PhD thesis defence by Annika Bacher.
This thesis is composed of three independent essays in heterogeneous agent macroeconomics. The essays explore how family structure affects investment choices and labor market outcomes of individuals.
The first chapter, Housing and Savings Behavior Across Family Types, studies how family structure in the form of marital status and changes thereof affect housing demand. I develop a life-cycle model of housing and financial portfolio choice with dynamic and heterogeneous family types that I calibrate to household survey data from the United States. My findings indicate that divorce risk encourages precautionary savings of couples and reduces their demand risky assets and for indivisible housing. Prospective marriage, lower income levels and larger exposure to income fluctuations prevent singles from becoming homeowners. As a result, abstracting from distinct family types overstates the effectiveness of housing policies such as lowering property taxes and reducing housing transaction costs by up to over 100%. This misspecification is largest among young households, who are most likely to be single and whose marital transition risk is highest. In contrast, regulations that facilitate stock market participation help to foster wealth accumulation, because they encourage investment in high return assets that are cheaper to liquidate in the event of a marital or labor income shock.

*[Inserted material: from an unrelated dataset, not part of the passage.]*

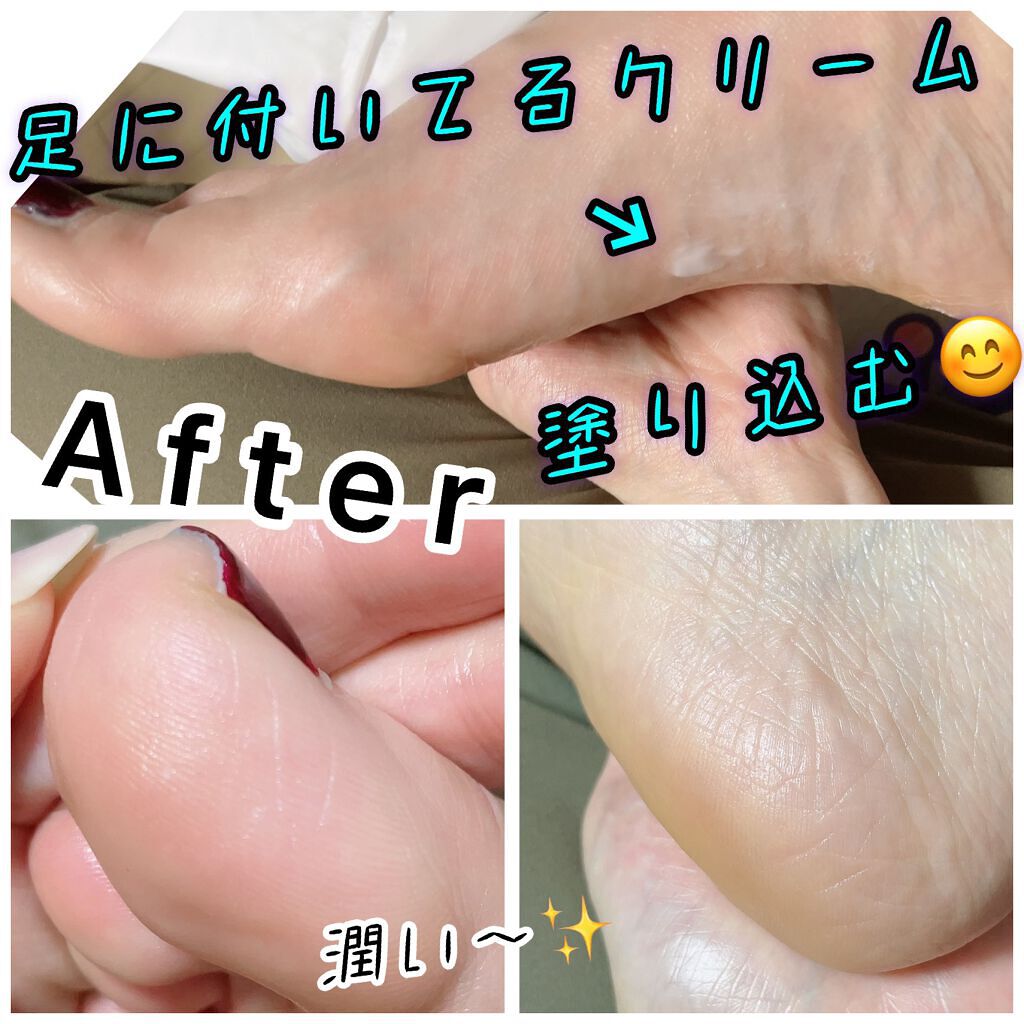 スマイル フット マスク/THE FACE SHOP/レッグ・フットケアを使ったクチコミ(4枚目)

In the second chapter, The Gender Investment Gap over the Life-Cycle, I document with data from the Survey of Consumer Finances that single women hold on average less risky portfolios than single men. To understand the sources of this Gender Investment Gap , I develop a life-cycle model of portfolio choice that allows for gender differences along observable characteristics and stochastic processes. The model is able to replicate the empirical patterns without introducing gender heterogeneity in preferences. Counterfactual simulations reveal that lower income levels and larger household sizes (mainly through the presence of children) of single women make it optimal for them to invest less risky. Hence, the gender wage gap gets amplified because it results in investment behaviour that pays on average lower returns. Importantly, not only current-period income levels and number of household members help to explain this finding but also expectations over their future realizations.
The third chapter, Joint Search over the Life-Cycle, co-authored with Philipp Grübener and Lukas Nord, focuses on labour market outcomes and couples. Specifically, we study how intra-household insurance against individual job loss through increased spousal labour market participation, also called the added worker effect, varies over the life cycle. First, we show in US data that the added worker effect is much stronger for young than for old households. A stochastic life cycle model of two-member households with job search in a frictional labour market is capable of replicating this finding. The model suggests that a lower added worker effect for the old is driven primarily by better insurance through asset holdings. Human capital differences between employed young and old contribute to the difference but are quantitatively less important, while differences in job arrival rates play a limited role.
Participation on site will be allowed on a first-come, first-saved basis. The event will be also live-streamed via Zoom.